*** Input data ***

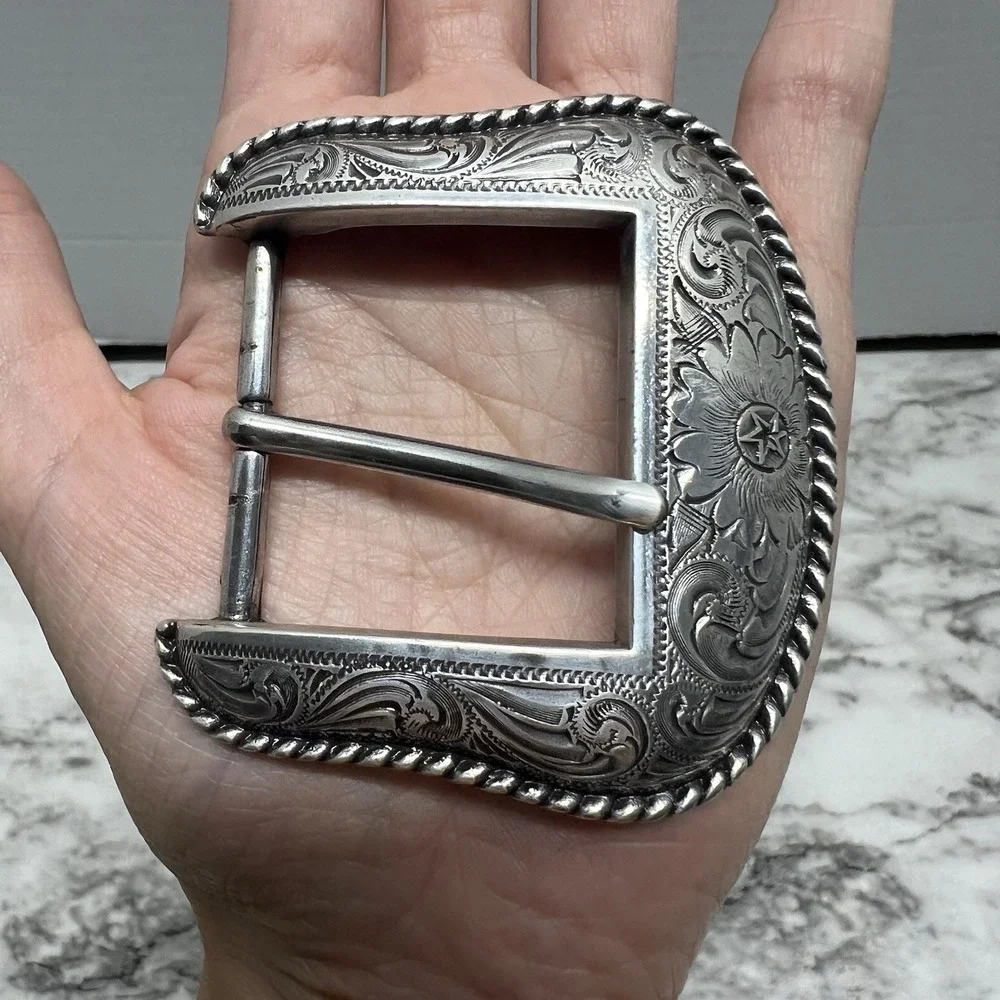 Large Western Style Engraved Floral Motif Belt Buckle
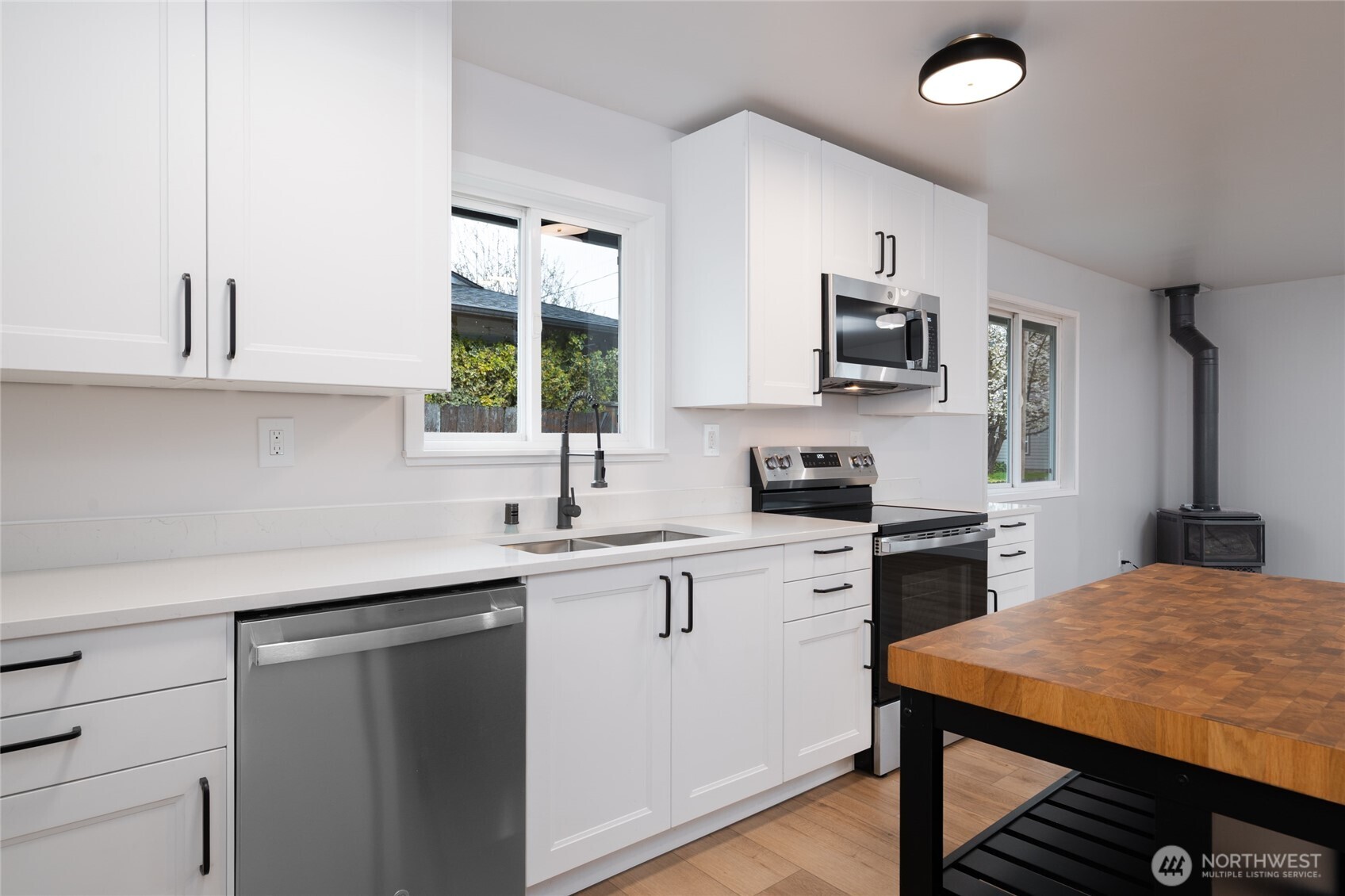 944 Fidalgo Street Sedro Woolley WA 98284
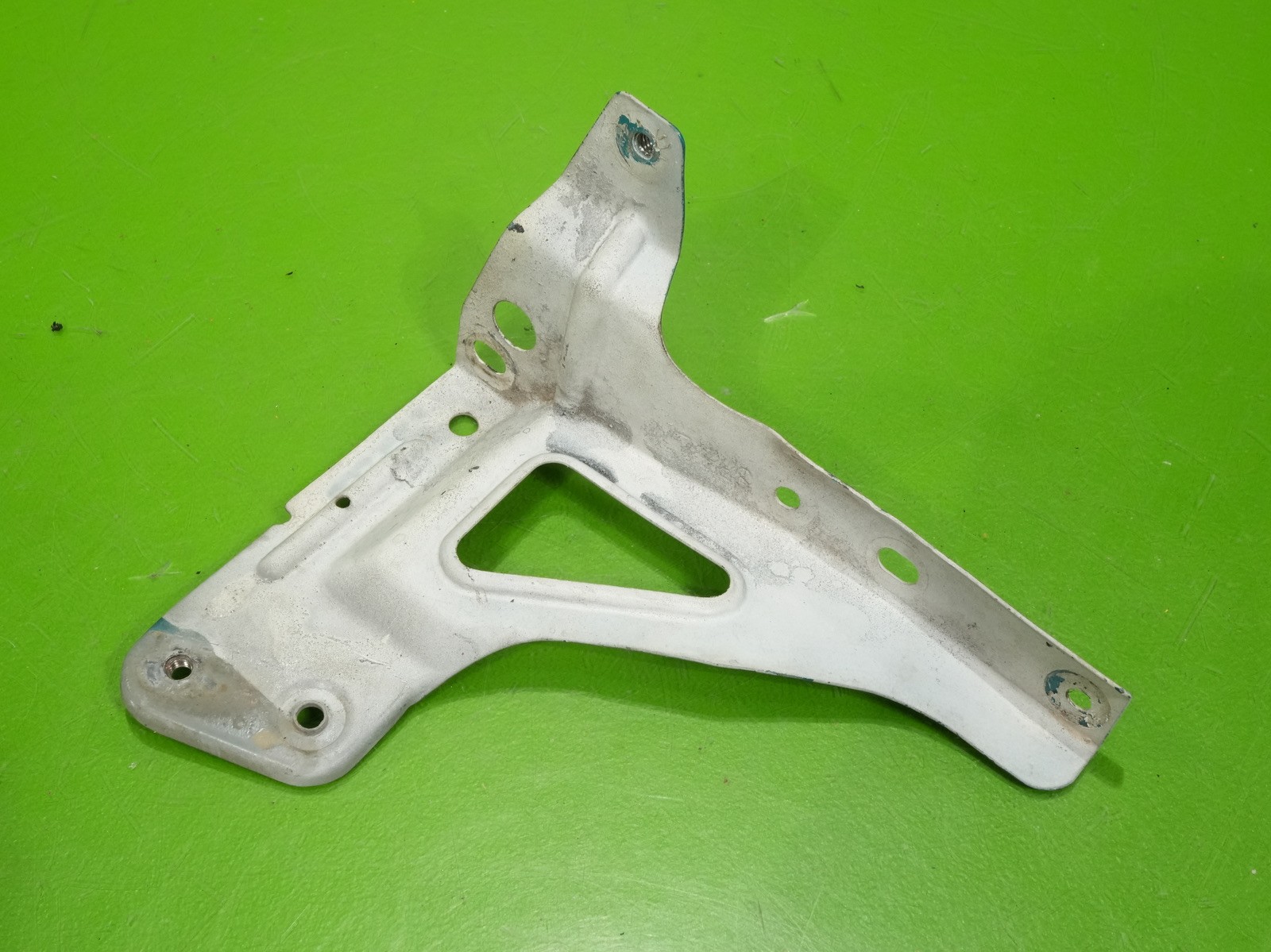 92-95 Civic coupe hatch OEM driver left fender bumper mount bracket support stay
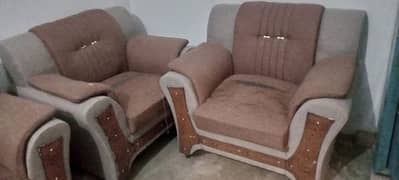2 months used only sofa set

***

◆ **Instructions for the task**: When you repeat the data, keep it exact and drop every picture.

◆ **Exercise solution**:
 Large Western Style Engraved Floral Motif Belt Buckle
 944 Fidalgo Street Sedro Woolley WA 98284
 92-95 Civic coupe hatch OEM driver left fender bumper mount bracket support stay
2 months used only sofa set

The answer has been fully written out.